Estas expresiones, tan comunes y a veces dichas con humor, en realidad esconden patrones de pensamiento que perpetúan el abandono personal, la desconexión emocional y la falta de compasión con uno mismo. Nos enseñaron a ser fuertes, pero no a ser sinceros con lo que sentimos. Nos enseñaron a dar, pero no a recibir. A complacer, pero no a poner límites.
Aquí es donde entra la inteligencia emocional, una herramienta clave no solo para relacionarnos mejor con los demás, sino para reconciliarnos con nosotros mismos. Es la capacidad de reconocer lo que sentimos, de entender de dónde vienen nuestras emociones, y de actuar desde la conciencia, no desde la herida.
Cultivar la inteligencia emocional implica hacernos preguntas incómodas pero necesarias:
- ¿De dónde viene la voz que me critica tanto?
- ¿Estoy viviendo desde el miedo o desde la autenticidad?
- ¿Estoy repitiendo patrones que no me pertenecen?
Es un proceso, sí, y requiere valentía.

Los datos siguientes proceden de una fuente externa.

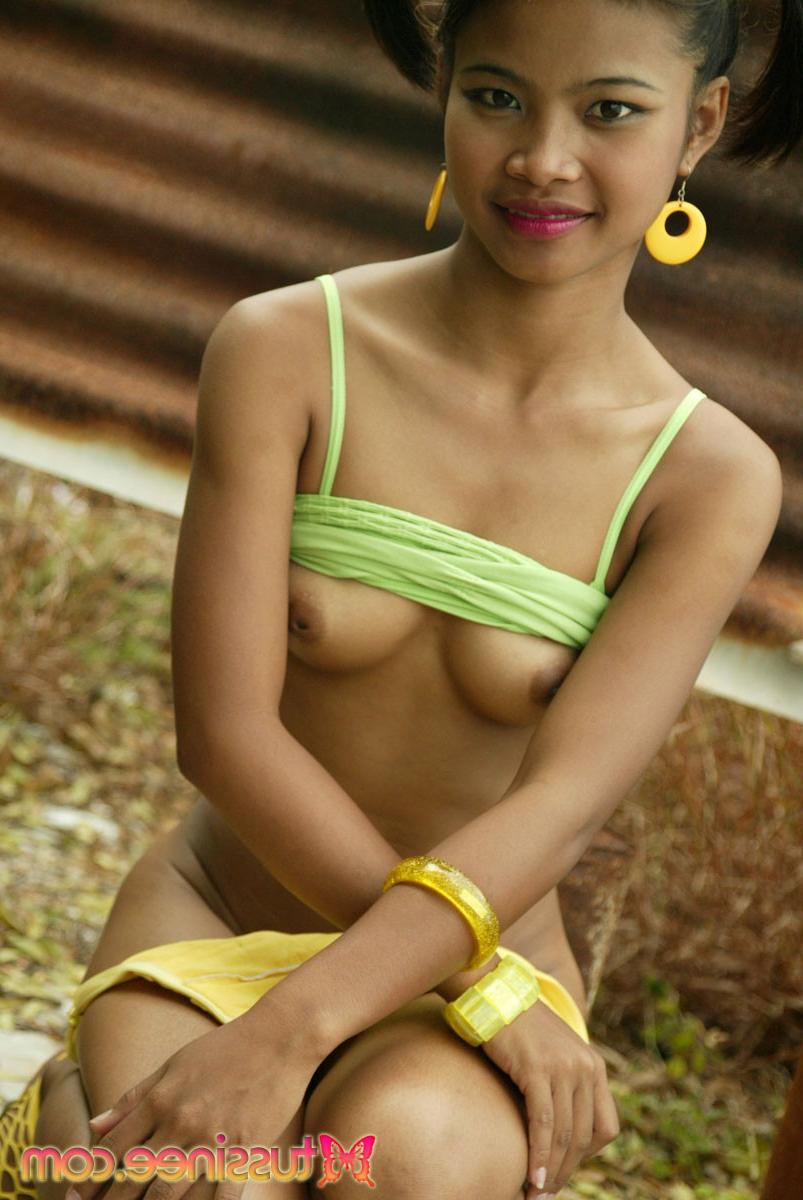 11P Pigtail cutie Tussinee is outside and decides to strip to show her body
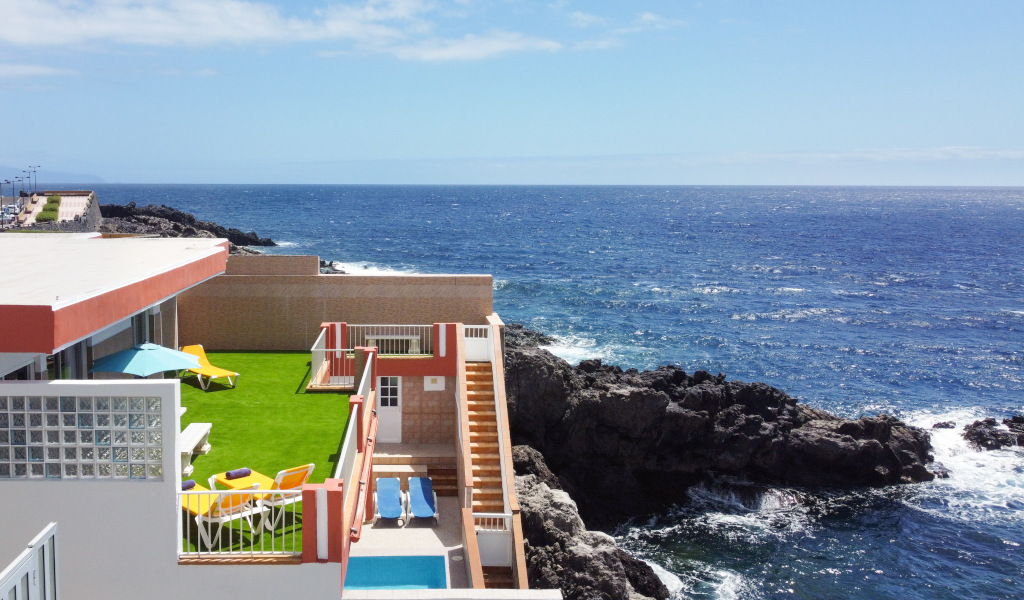 Terrazza con prato e sdrai sul mare su una scogliera a Tenerife.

Porque mirar hacia adentro es un acto revolucionario. Pero también es el primer paso para sanar y cambiar nuestra historia. Porque cuando cambiamos la forma en que nos vemos, cambia todo lo demás.
Verte con amor, con compasión, con aprecio… no es egoísmo. Es salud emocional. Es romper cadenas generacionales. Es modelar para nuestros hijos lo que significa amarse sanamente. Es decirle al mundo: “Estoy aquí, merezco estar bien, y tengo derecho a ser yo misma sin culpa".
Hoy te invito a que tomes un momento para preguntarte: ¿Cómo me veo? Y si la respuesta te duele, que no huyas de ella. Que la abraces, la escuches, y empieces a escribir una nueva narrativa. Porque mereces verte con los ojos con los que miras a los que amas. Porque estás viva, porque estás despertando, y porque ya es hora de verte como realmente eres: suficiente, capaz, valiosa. Sin condiciones.